At a recent open house for media and funders, New Destiny officials proudly presented Marcello Manor as a new, stylish, permanent living situation for mostly single (and separated) mothers trying to make it on their own.
The building’s interior is stunning. Beautiful artwork and stylish furniture, all of it donated, make up a community room, which connects to a patio lined with tree and flower planters.
Half of the building’s 38 units are for domestic violence survivors like Maria who are looking for a way out of the shelter system. The other half are reserved for low-income community residents.
“The population is really a mix,” said Carol Corden, New Destiny’s executive director. “It makes it so that [the building] doesn’t stand out in the neighborhood.”
The neighborhood surrounding the Andrews Avenue building, considered northern University Heights (near the Major Deegan and Fordham Road), is welcoming their new neighbors with open arms, said Carlos Oliveras, a member of the Andrews Avenue Block Association.
Oliveras is most happy that New Destiny built the $10.5 million Marcello Manor structure on top of an ugly vacant lot.
“It’s really fabulous to have that rat-infested yard turned into something beautiful,” Oliveras said. “It adds to the quality of life around here.”
Greg Faulkner, the chairman of Community Board 7, also welcomed the new residents and pointed out that New Destiny, as a seemingly well-run supportive housing community, stood in contrast to other haphazard transitional housing programs that have recently come to the area.
The neighborhood has undergone somewhat of renaissance since last summer when residents felt the blatant drug dealing and youth violence was on the verge of spiraling out of control, Oliveras said. But residents came together and organized the Block Association and a series of events to bring people together.
The block may never be perfect, Oliveras said, but “a lot of good things have come out of [the association’s efforts].”

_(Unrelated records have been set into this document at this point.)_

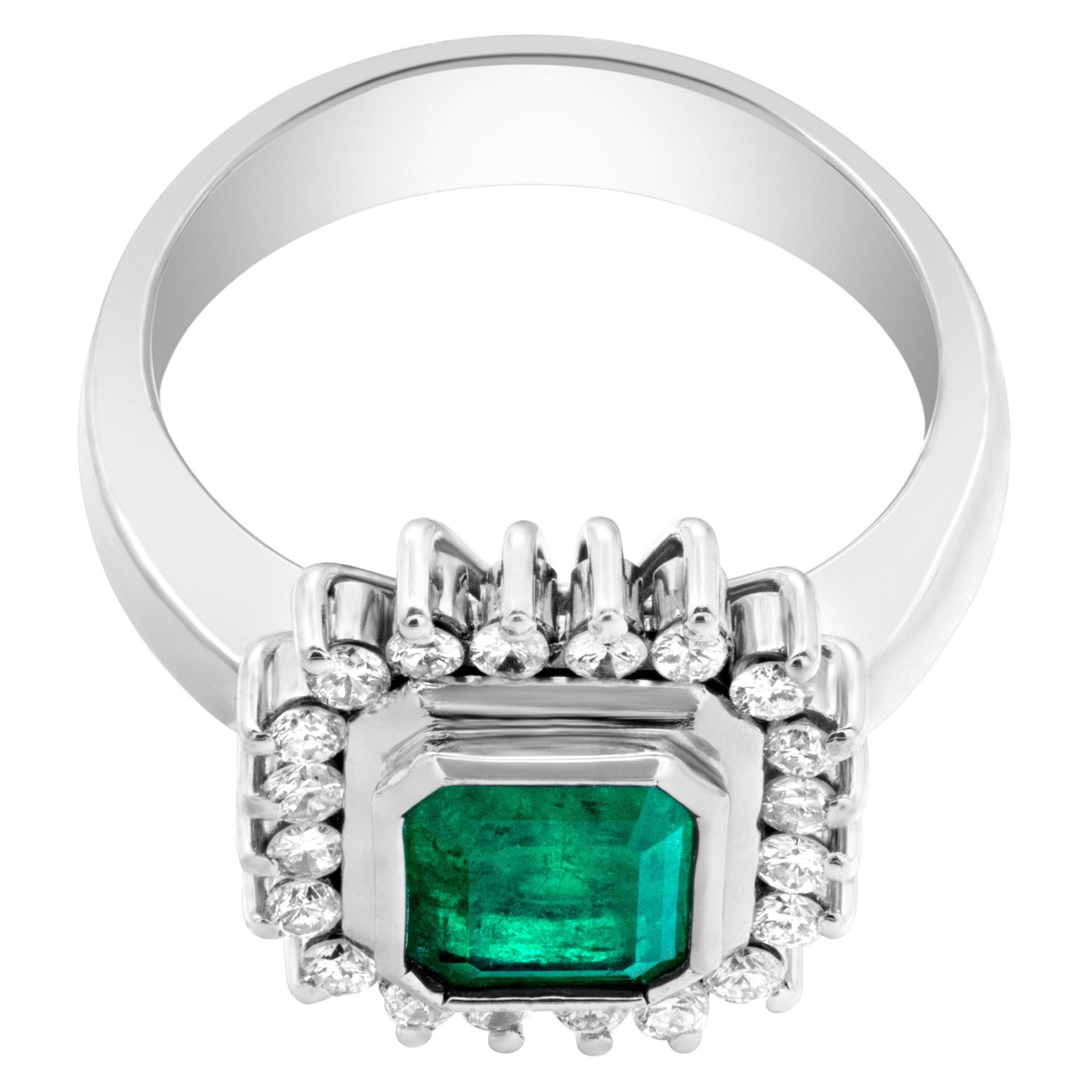 Square Cut Elegant Emerald and Diamond Ring Set in 18k White Gold For Sale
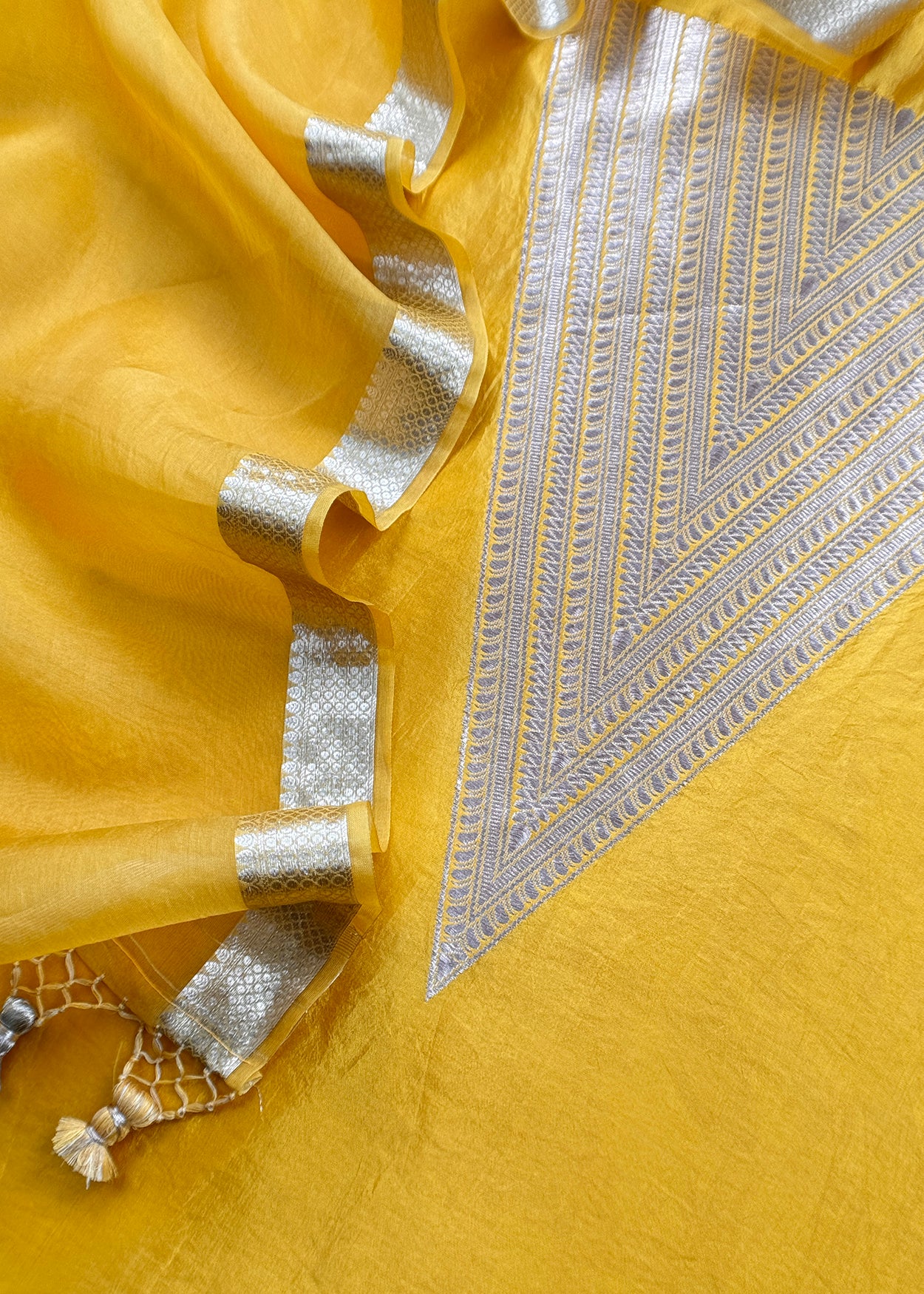 Premium quality silk unstitched suit with organza dupatta

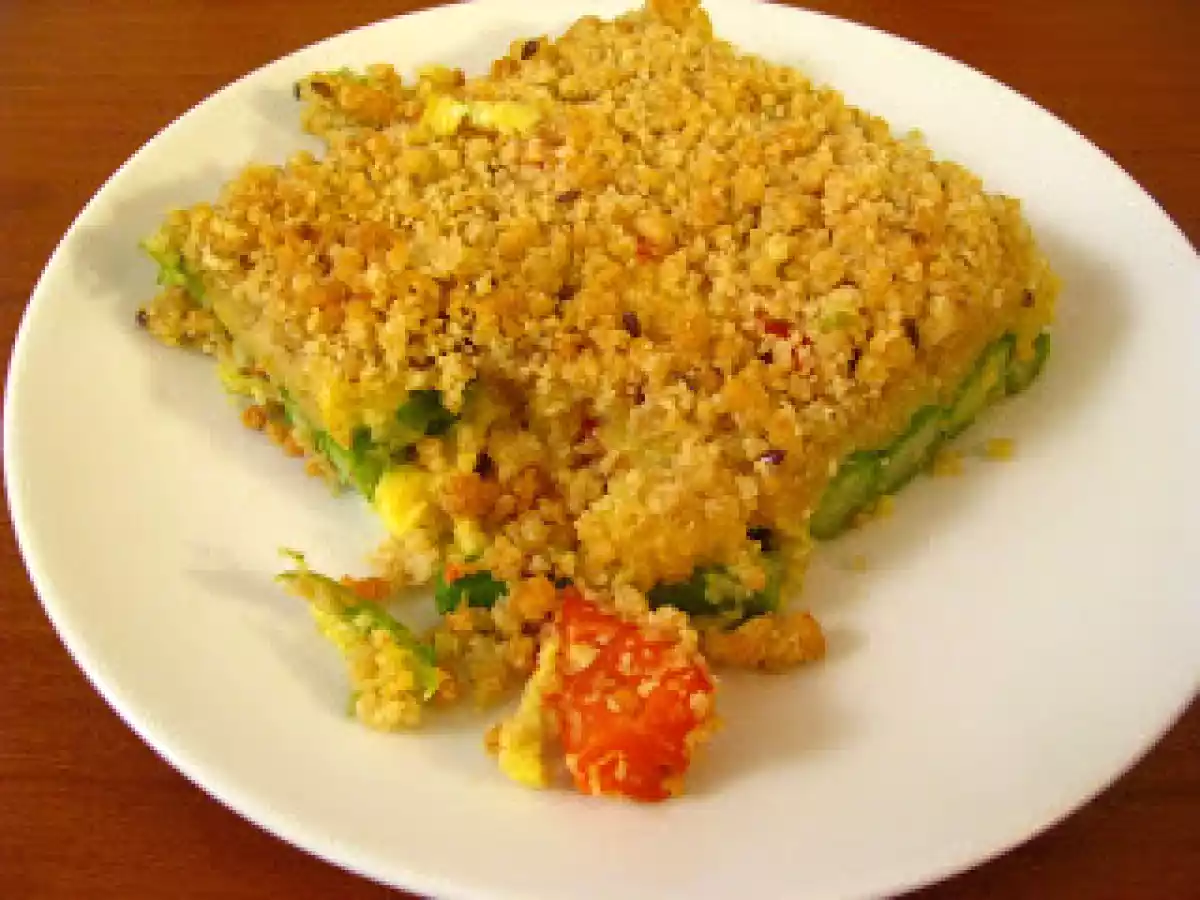 Crumble di asparagi, peperoni e uova con farina di kamut e farro. - foto 2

A couple of Marcello Manor residents, most of whom moved in last winter when the building opened, have already joined the Block Association, Oliveras said.
Getting acclimated with their neighborhood is just one of the many services provided by Josephine Melendez, the building’s full-time tenant support coordinator and jack-of-all-trades.
On any given day, Melendez helps residents with a variety of issues, like paying bills, finding places to shop, enrolling their kids in childcare and advocating for them at schools. Earlier this year, she helped parents get a Hunts Point charter school to start sending buses closer to Marcello Manor for pickups and drop-offs. “I get hugs for that every day,” she said.
She also helps residents with their “safety plan.” Many domestic violence survivors still live in fear of their abusers and must take every precaution to keep them out of their lives. Melendez alerted local police to the building’s residents and helps them set up court orders of protection and P.O. boxes to hide their addresses. “It’s a lifetime thing,” Melendez says.
One woman, who, like Maria, entered into a lottery for an apartment at Marcello Manor, said she takes different routes home every day, uses out-of-area doctors and doesn’t put her name on paperwork unless she absolutely must.
Melendez does what she can to help, she said, but New Destiny tells residents from the get-go, “We can’t ensure their safety.”
The safety issue is a constant reminder of where these women have come from and also of those who didn’t make it. There’s a reason Maria and others call themselves survivors.
“Those [victims] who died,” said Maria, crying softly, but emboldened, in her new two-bedroom apartment, “they couldn’t get away.”